A Dual-Signaling Architecture for Enhancing Noise Resilience in Floquet Engineering-Based Chip-Scale Wireless Communication

In this study, we introduce a novel theoretical framework for detecting and decoding Terahertz (THz) frequency chip-scale wireless communication signals. By considering the quantum behavior of charge carriers exposed to intense time-periodic radiation, we employ Floquet engineering techniques for system analysis. Using a two-dimensional semiconductor quantum well (2DSQW) based voltage divider, we showcase the detection and decoding of frequency modulated signals at nanoscale dimensions. Exploring noise impact within the Floquet-2DSQW framework, we identify voltage shifts that compromise data demodulation in single signaling setups.
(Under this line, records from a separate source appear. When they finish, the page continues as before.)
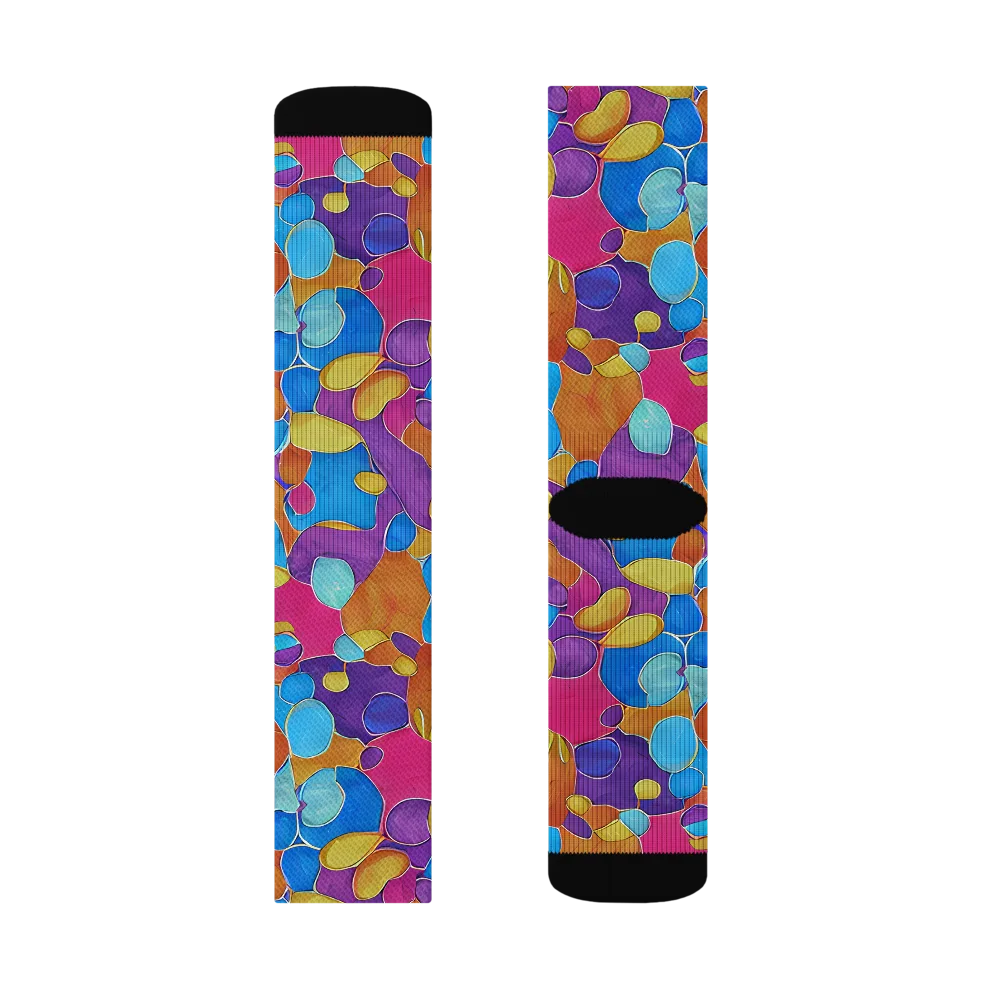 Neon Riverstones on Socks — Left Sock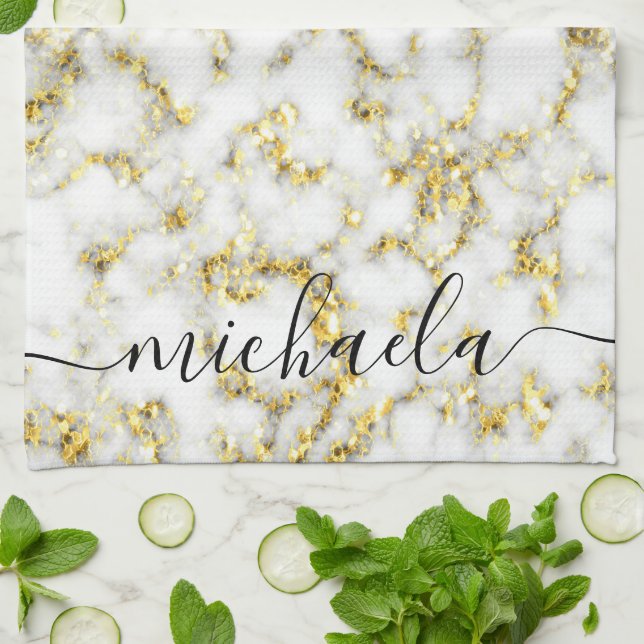 Black and white marble gold sparkle Custom name Tea Towel (Folded)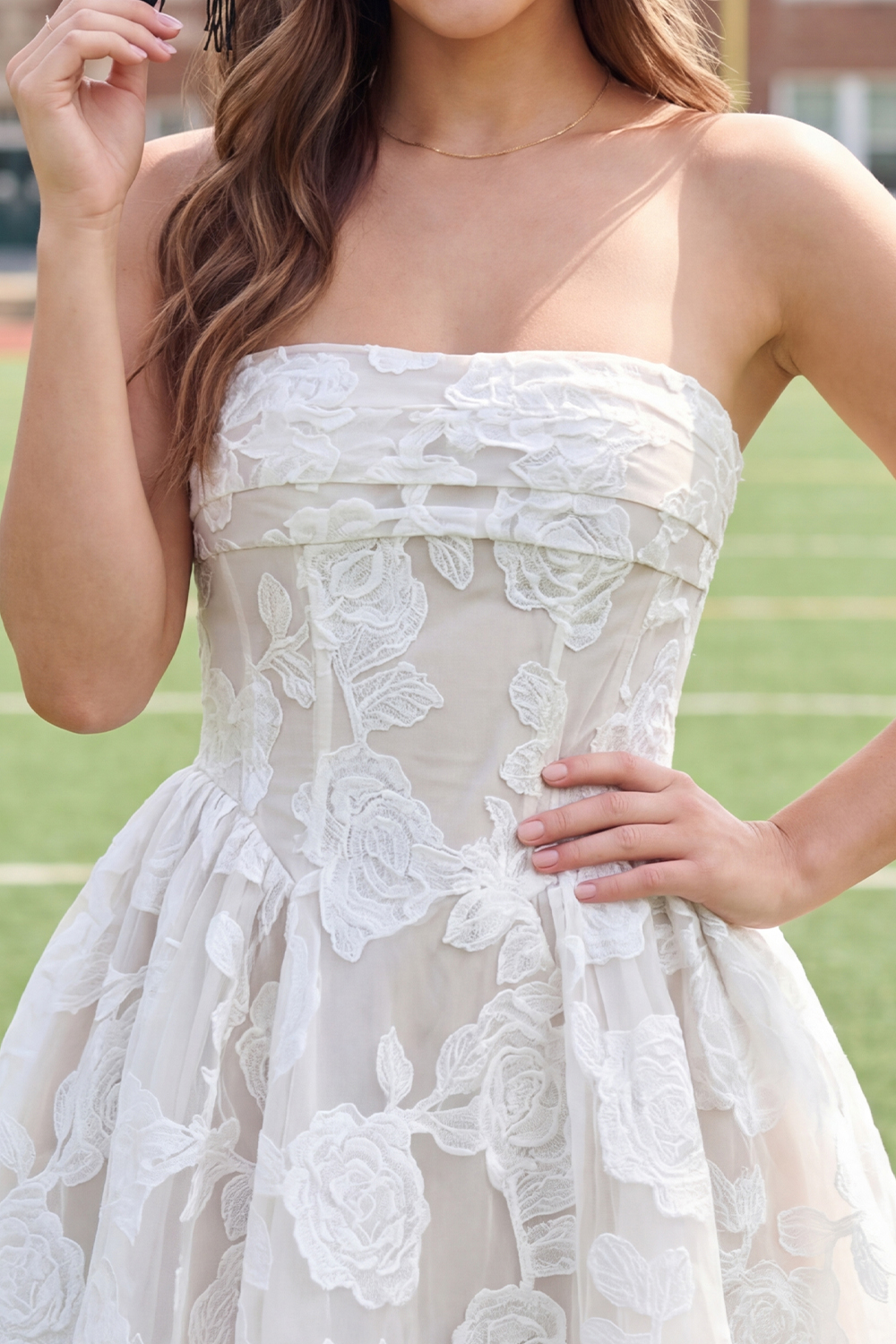 White Lace Corset Short Floral A Line Graduation Dress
To address this challenge, we suggest a dynamic dual-signaling Floquet-2DSQW architecture that adapts the reference voltage to prevalent noise effects in chip-scale environments. Through a numerical analysis configured for Gigabit per second (Gbps) data transmission in the THz carrier frequency range, we show that our dual-signaling approach surpasses conventional single signaling setups, significantly reducing the bit error rate across various signal-to-noise ratio (SNR) values. A comprehensive parametric study emphasizes the importance of correlated noise effects at two 2DSQW receivers for enhanced performance. Our findings offer valuable insights for advancing nanoscale wireless communication within or between chips in noisy conditions, with potential applications in high-speed, reliable data transfer.